Asymptomatic radial artery occlusion (RAO) is a major limitation of transradial catheterization(TRC). Two radial compression hemostatic devices are compared for their respective effects on RAO.
In a prospective, randomized, single center, blinded trial, 320 patients were randomly treated with a TR band (Terumo Corporation) or Safeguard Radial (Merit Medical). Institution wide protocols consisting of anticoagulation, patent hemostasis, duration of compression, and use of 6 French slender sheaths (Terumo Corporation) were observed. Patient discomfort related to the device was recorded using the universal pain scale. Radial artery patency was evaluated by reverse Barbeau's test prior to discharge (1-hour post-diagnostic catheterization or 6–24 hour post-intervention) and at 30-days.

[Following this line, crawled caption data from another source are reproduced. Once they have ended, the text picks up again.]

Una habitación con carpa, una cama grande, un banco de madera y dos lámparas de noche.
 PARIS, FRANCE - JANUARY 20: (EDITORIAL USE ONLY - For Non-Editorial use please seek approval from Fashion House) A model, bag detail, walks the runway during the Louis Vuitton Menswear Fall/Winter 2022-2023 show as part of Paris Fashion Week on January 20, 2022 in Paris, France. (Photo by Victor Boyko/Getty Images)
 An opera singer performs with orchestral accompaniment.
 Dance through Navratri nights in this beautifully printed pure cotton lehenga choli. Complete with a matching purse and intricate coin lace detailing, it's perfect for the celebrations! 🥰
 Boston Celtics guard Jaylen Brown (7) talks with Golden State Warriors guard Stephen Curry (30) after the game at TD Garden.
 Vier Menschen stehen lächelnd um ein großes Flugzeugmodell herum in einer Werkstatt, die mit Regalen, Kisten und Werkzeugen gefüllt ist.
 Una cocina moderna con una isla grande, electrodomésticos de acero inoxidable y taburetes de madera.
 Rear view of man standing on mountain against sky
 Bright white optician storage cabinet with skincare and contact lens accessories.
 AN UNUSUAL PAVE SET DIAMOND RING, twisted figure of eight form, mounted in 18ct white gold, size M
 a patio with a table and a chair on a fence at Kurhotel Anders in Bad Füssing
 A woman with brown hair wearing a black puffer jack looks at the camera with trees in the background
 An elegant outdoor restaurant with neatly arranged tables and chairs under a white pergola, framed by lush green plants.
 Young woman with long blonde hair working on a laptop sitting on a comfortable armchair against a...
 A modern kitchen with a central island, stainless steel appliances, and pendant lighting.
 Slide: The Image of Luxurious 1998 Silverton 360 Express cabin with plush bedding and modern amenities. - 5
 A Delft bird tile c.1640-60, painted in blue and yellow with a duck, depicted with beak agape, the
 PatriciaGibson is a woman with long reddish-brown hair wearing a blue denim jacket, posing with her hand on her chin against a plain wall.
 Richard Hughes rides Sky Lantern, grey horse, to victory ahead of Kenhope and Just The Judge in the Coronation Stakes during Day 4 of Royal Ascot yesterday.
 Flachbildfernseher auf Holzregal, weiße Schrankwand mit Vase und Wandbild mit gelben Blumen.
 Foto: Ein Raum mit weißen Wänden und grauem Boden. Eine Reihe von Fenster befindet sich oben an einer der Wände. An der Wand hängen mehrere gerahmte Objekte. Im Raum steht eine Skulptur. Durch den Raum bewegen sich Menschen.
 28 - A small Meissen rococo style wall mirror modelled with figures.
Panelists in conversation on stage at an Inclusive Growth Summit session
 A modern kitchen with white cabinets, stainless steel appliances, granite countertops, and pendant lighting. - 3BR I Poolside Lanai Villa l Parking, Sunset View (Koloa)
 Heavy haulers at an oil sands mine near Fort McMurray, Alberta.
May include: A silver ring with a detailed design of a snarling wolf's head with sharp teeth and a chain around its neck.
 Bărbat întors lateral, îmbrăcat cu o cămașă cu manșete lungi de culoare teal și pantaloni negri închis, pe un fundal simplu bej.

Of the 320 patients, 155 were randomized to the TR group (TRG) and 159 to the Safeguard group (SGG). 6 patients were excluded due to the inability to insert 6 Fr slender sheaths or patient withdrawing consent. Demographic and procedural characteristics were similar with the exception of the type of coronary procedure performed. Both bands were equally effective in achieving patent hemostasis. Despite having a higher rate of post-procedure hematoma(1.29% TRG vs. 3.1% SGG, p = 0.04) and acute RAO (3.8% TRG vs. 6.28% SGG, p = 0.05) with the Safeguard band, at 30 days RAO was similar in both groups (1.9% TRG vs. 2.5% SGG; p = 0.21). Patients in the SGG reported significantly less band discomfort and were found to require less air to achieve patent hemostasis.
Evidence-based contemporary TRC protocols of using smaller diameter access, anticoagulation, and use of just enough pressure for the shortest duration of time to achieve hemostasis is associated with very low RAO rate at 30 days irrespective of the radial compression device used.